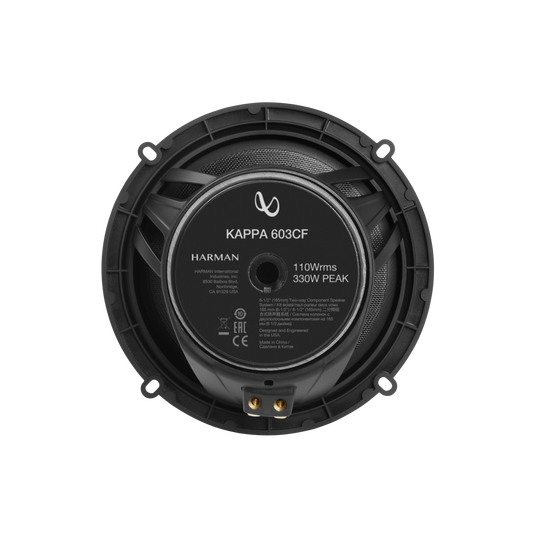 KAPPA 603CF  
HARMAN  
110W RMS  
330W PEAK  
Componet  
10  
EAC CE and UA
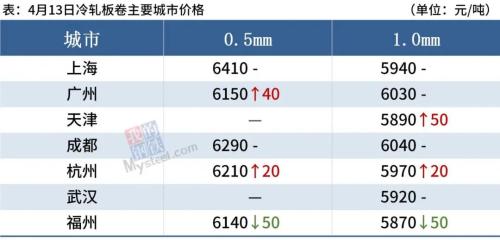 钢坯反弹50，黑色期货大涨，钢价居高难下
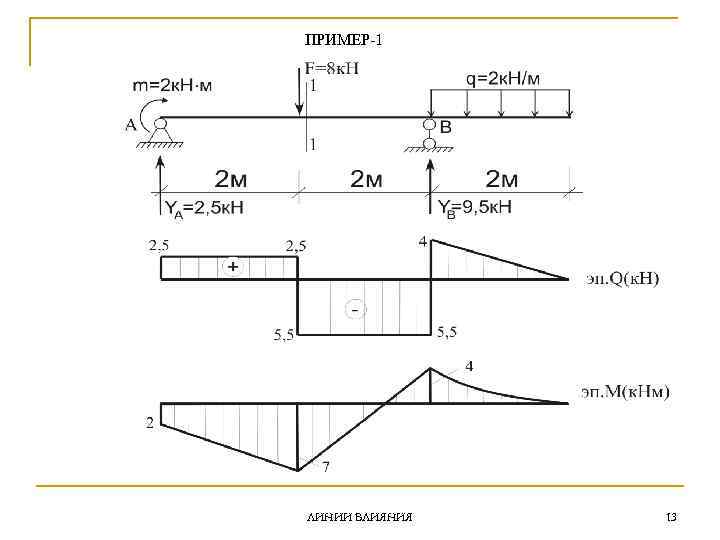 ПРИМЕР-1 ЛИНИИ ВЛИЯНИЯ 13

Exercise objective: Images must not appear; print each record precisely as it reads.

Completed task:
 KAPPA 603CF  
HARMAN  
110W RMS  
330W PEAK  
Componet  
10  
EAC CE and UA
 钢坯反弹50，黑色期货大涨，钢价居高难下
 ПРИМЕР-1 ЛИНИИ ВЛИЯНИЯ 13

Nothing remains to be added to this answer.